ME: I don’t know why but my moods go up and down so often lately.
MARK: Maybe it’s menopause.
ME: I’m so tired. I feel worn out from running the kids around.
MARK: Maybe it’s menopause.
ME: I feel anxious. I feel discouraged.
MARK: Maybe it’s menopause.
Now, before you go and agree with him:
- Number one – I’m not ready to start talking about such things.
- Number two – the average age for menopause is 51. A LONG WAY OFF, …Right?
- Number three – Even if there is an ounce of truth in it, he’s not helping!
But I’m going to get a little candid and say, there are times I struggle with feeling like a ‘good Christian’. Sometimes, my heart feels yucky. I get cynical. People and situations can easily frustrate me and I don’t like how I feel. Sometimes, my heart attitude makes me feel as though even God must be pretty disappointed in me. And that doesn’t help matters. Instead, it creates a distance between us.
I mean I’ve been a Christian for over 25 years. Why am I still not getting it right sometimes? Shouldn’t it be smooth sailing in the attitude department? Shouldn’t I flit around from place to place blessing everyone I meet?
So, why the struggle sometimes to find joy? Why do I struggle to find victory? Why the struggle to die to self and selfish motives? Why do I fear? Why do I doubt?
Because the truth is, I will still contend with the flesh until Christ takes me home.
I still contend with the flesh.
This morning, I was lamenting my condition to the Lord in my journal and I came upon a verse in my quiet time. King David wrote in Psalm 139:23-29,
23 Search me, O God, and know my heart;
test me and know my anxious thoughts.
24 Point out anything in me that offends you,
and lead me along the path of everlasting life.
David was inviting God to “get to the bottom of things” in his heart because he knew that God’s desire was to lead him along the path of everlasting life. He knew that if God was leading him along the path of everlasting life it meant He was also leading David away from destructive attitudes and behaviors that lead to death.

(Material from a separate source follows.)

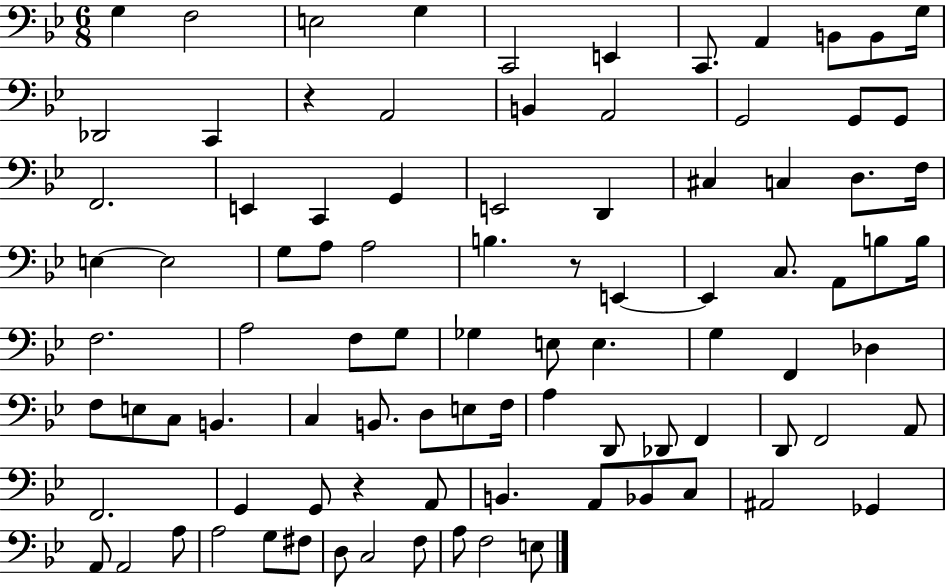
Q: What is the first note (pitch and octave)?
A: G3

I’ll be honest, this prayer is a hard one to pray.
I would rather God see me at my best (you know, like during those four good hours of my day)
Let’s not dig down and find all the stuff I don’t like about me.
Search me, God?
Know my heart?
Point out what offends You?
If you search me, God, what you find might be ugly. I don’t think I even want to know.
So why even bother to go there if I can keep it all hidden down inside. Do you think God is surprised by what is in the deepest part of me? Do you think He will uncover something He didn’t already know? No. Then why does He want me to ask Him to search me?
Perhaps so I can see.
Although I know I will struggle against my flesh until I take my last breath here on earth, I don’t ever want to step aside from the path of everlasting life. I know this means God will uncover my anxious thoughts. I know this means God will point out what offends Him. I also know that His examination of my heart is good for me. I know it brings with it a victorious outcome. He doesn’t show me my sin without a plan to overcome it. He comes into my junk and offers life, abundant life, no matter what I face or how I feel.
I’d like to point out here that I love how David expresses in today’s passage his confidence in God and His mercy. Notice he doesn’t say, “God, see if there be any wicked way in me and if I haven’t gone too far, please lead me in the way everlasting.” He counts on God’s abundant mercy and grace to reach him no matter how far away he feels or how deep a sin he harbors.
Let’s make it our prayer for God to show us what hinders His fellowship with us and let’s do away with it. Confess it to Him. Let’s ask Him to give us the power to overcome it. Let’s get the obstacles out of the way so we can enjoy His presence today and always.